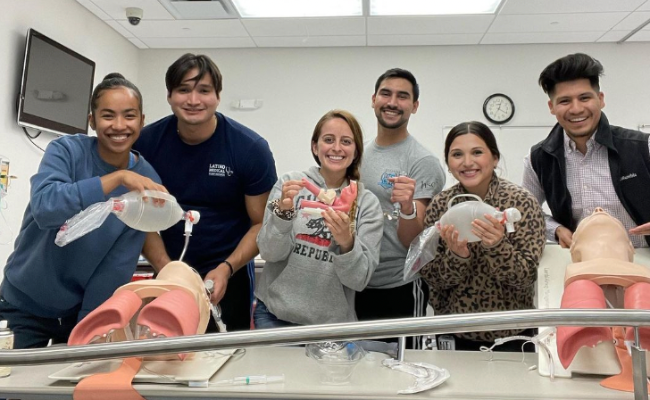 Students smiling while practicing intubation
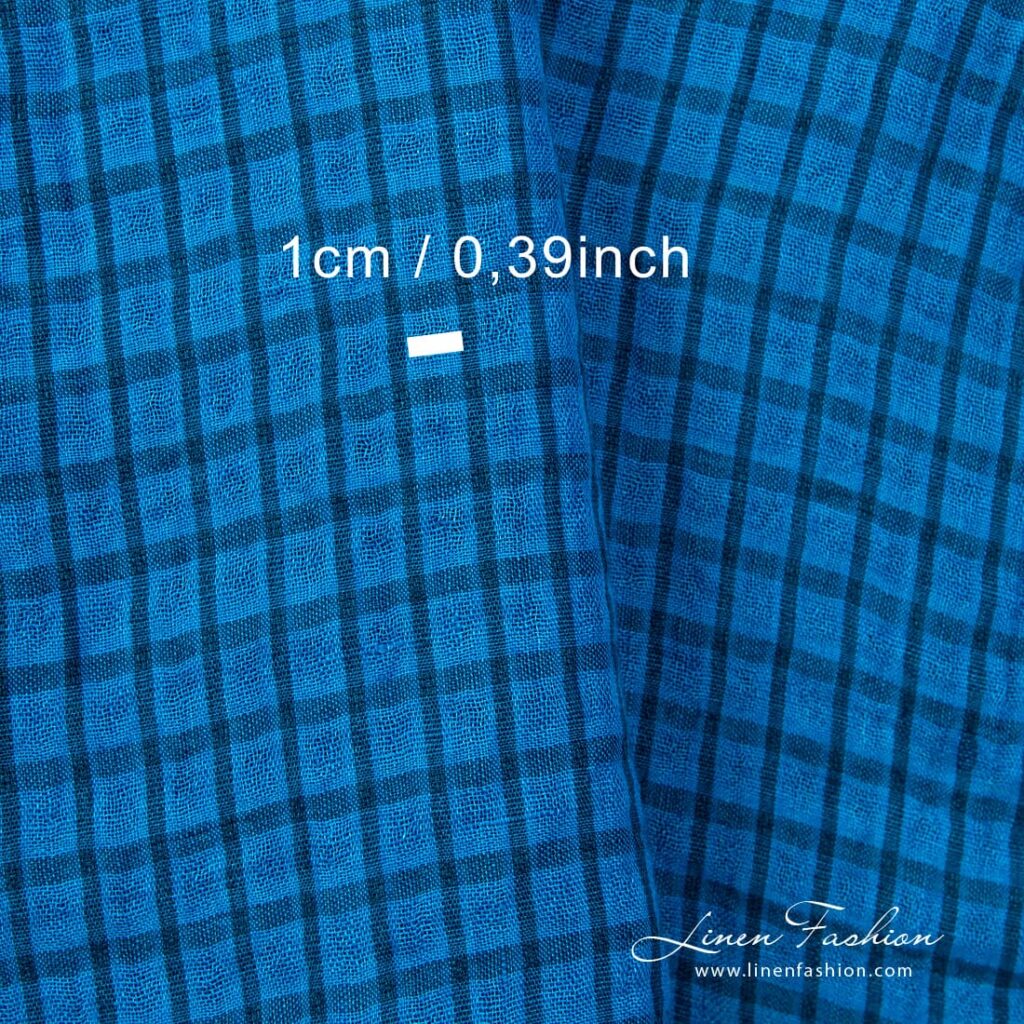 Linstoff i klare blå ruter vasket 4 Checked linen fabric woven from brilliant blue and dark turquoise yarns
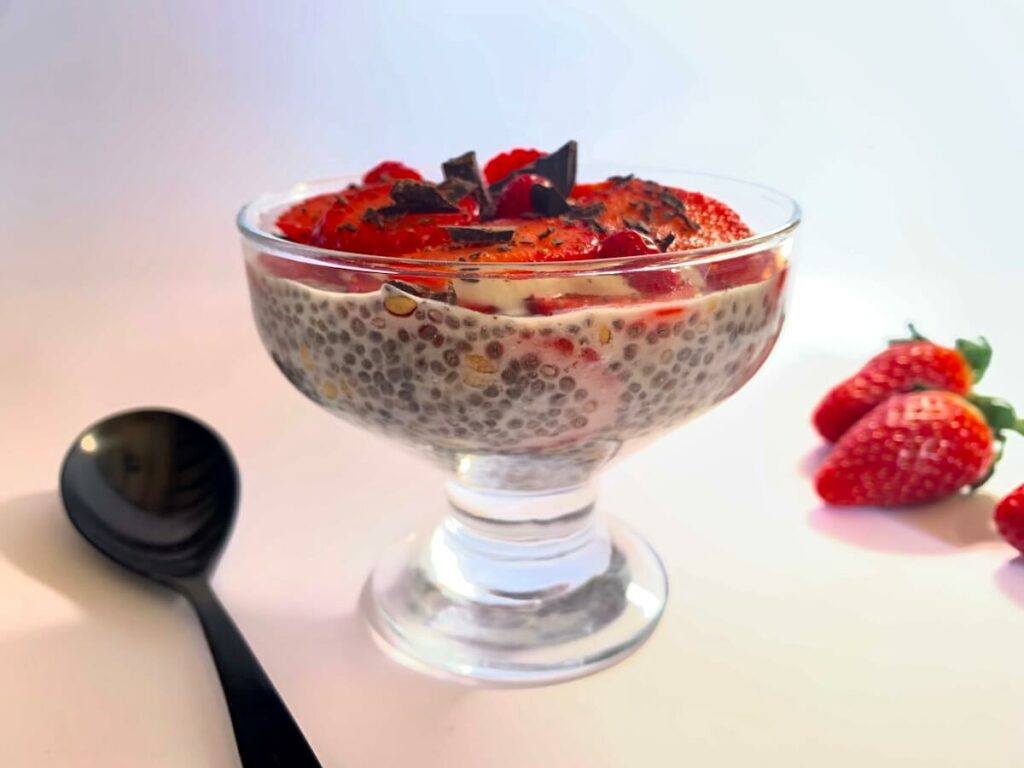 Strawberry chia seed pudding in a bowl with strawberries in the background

Work to be completed: Give the preceding data back exactly, minus every picture.

Task result:
 Students smiling while practicing intubation
 Linstoff i klare blå ruter vasket 4 Checked linen fabric woven from brilliant blue and dark turquoise yarns
 Strawberry chia seed pudding in a bowl with strawberries in the background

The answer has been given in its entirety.